I have a 14' that we use for multi-day, and a family of four, and I don't know where we'd put another person. You've got the person on the oars, behind that person you have a gear pile of drybags, then I have the cooler, and in front of the cooler a deck over a drop bag with a paco on top. Then a couple of feet in the bow. one adult and two kids up front is just about all that I could fit. maybe if someone sits on top of the gear pile?

I just was on a 15' maravia Zephyr. it's only a foot longer, but wider and has diminishing tubes. that boat is the ticket, if you ask me. (and you have $5k to spend on a boat)


----------



## kazak4x4 (May 25, 2009)

14' for 5 people for 5 days? Way too small, especially if you have kids. It depends on what ratio of paddle boating and expedition rafting you do. 14 footer makes a nice paddle boat, but way too small for long trips. You will be MUCH happier with a 16 footer for your family for long trips. Especially like BLott said a Maravia with diminishing tubes (I got one  

Alex


----------



## Matt J (May 27, 2005)

my first multi-day rafting trip we used two sixteens to support 17 people for nine days.

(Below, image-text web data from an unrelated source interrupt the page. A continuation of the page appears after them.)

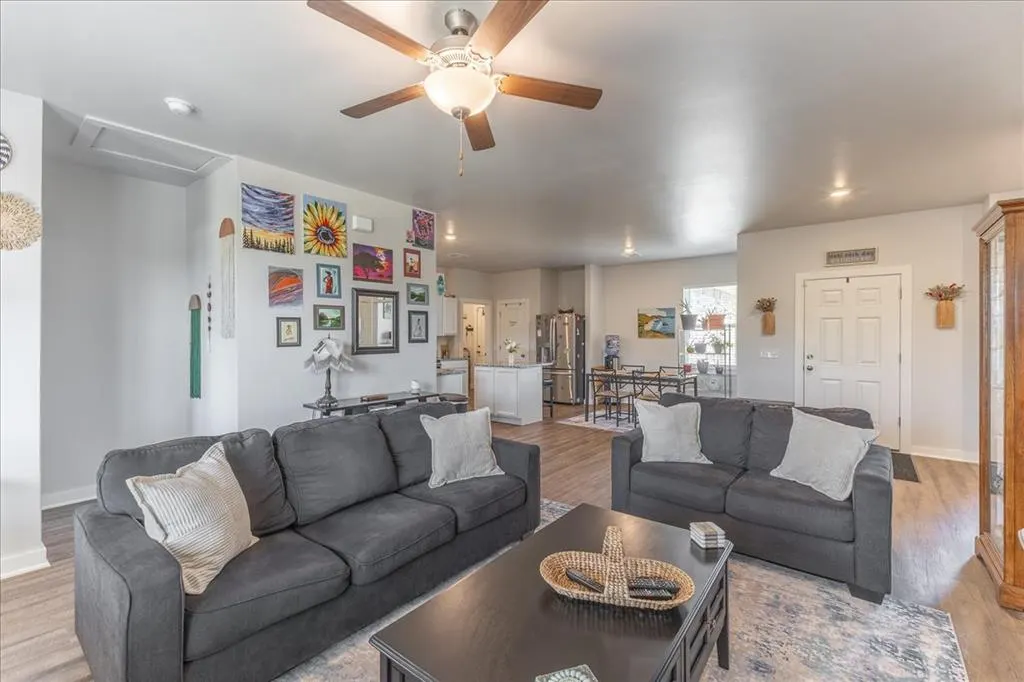 Photo 6 — 504 Evergreen Way, Guthrie, OK 73044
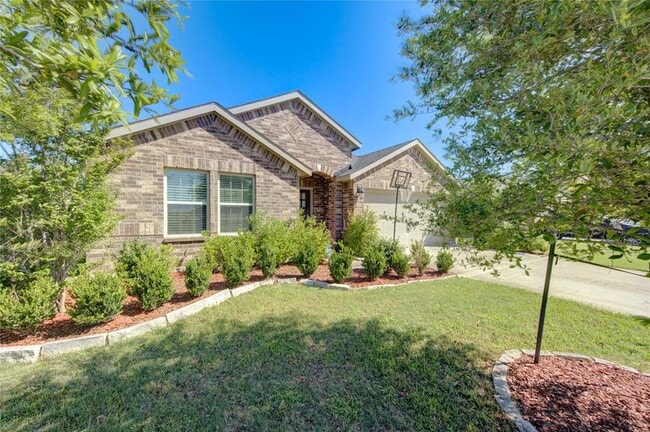 Building Photo - 9011 Hemlock Dr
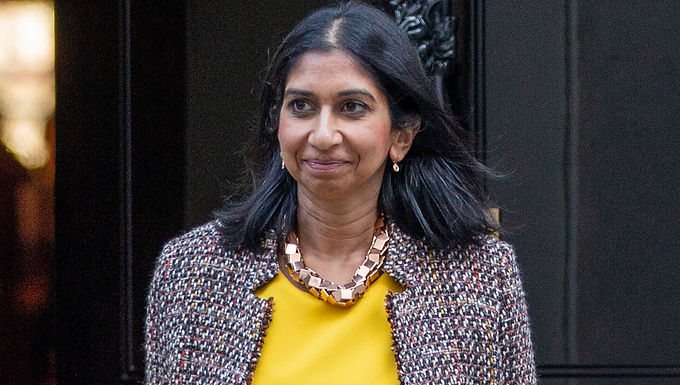 La ministra del Interior, Suella Braverman, promete que la prohibición del 'crack hippy' bajo la nueva campaña de comportamiento antisocial detendrá a las 'hordas de jóvenes que merodean en los parques'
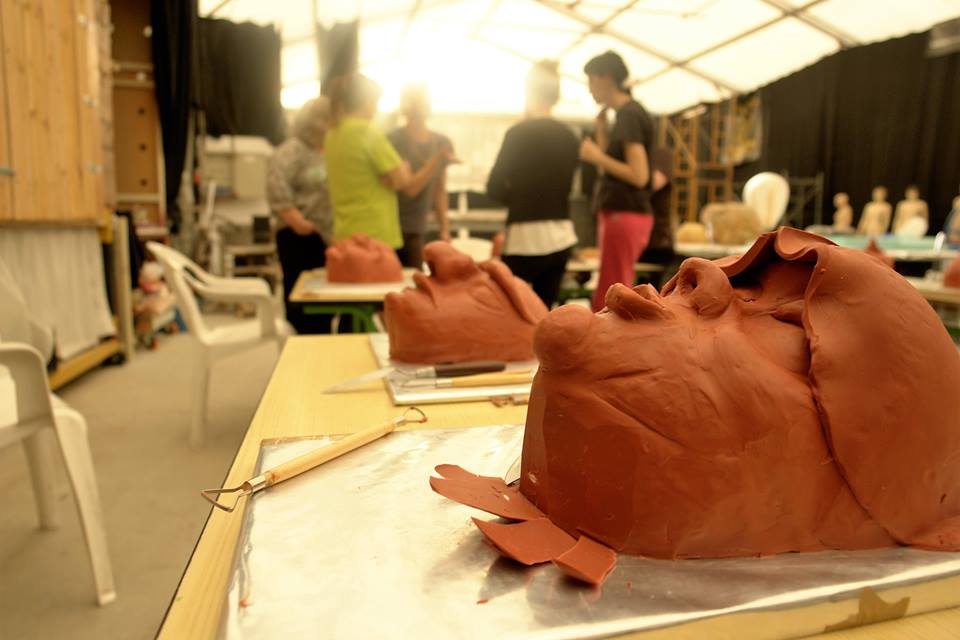 Workshop Máscaras em Papel no âmbito do espectáculo KAIROS / Fotografia de Helena Oliveira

you can easily carry enough gear for a family of four on a fourteener although it will be a lot easier if you can pair up with another boat to split the communal gear.


----------



## Osprey (May 26, 2006)

Definitely the 16 but if you are dead set on getting a 14 for a paddle raft the other thing you could do is get a duckie to get two people off the raft. Depends on the make-up of your multiday crew too and being able to spread out the communal gear.


----------



## kclowe (May 25, 2004)

I think a 14 footer would be ok for gear, but trying to put four passengers on a 14' boat with an oar frame and all the gear for 5 days will make you nuts. I have a 12' and a 14'. I can usually "support" 5 people easily in the 14', but more than three people on the boat gets pretty darn tight. I'd go with a 16 footer for overnighters. 
Now, if you have little people and can afford it as well, the 12 footer is a perfect paddle rig and it fits in the back seat of a car when rolled up. Also, my 12' boat fits great in the back of my 14' boat. If I had all the money in the world, I'd own a 12', 14', and a 16' boat! Sorry if I just made it worse!


----------



## RockRider (Dec 26, 2008)

Just tossing in my thoughts - I say 16 or more. We have done several overnights and the comments we always seem to make to each other afterward are... 1) we need a huge net so we can just really pack it in the back 2) We need a bigger raft. It is usually the 2 of us and 2 sizable dogs. We took a third on an overnight float (3 adults, 2 dogs) and it was fine/tight, but it just would have been nice to have a little more room. Sleeping bags, tent, food (beer!), cooking utensils, clothes, firepan/firewood, groover, crap like that seem to add up. Some people are really minimal (not quite us) - but with kids I imagine that might be nearly impossible. Good Luck!


----------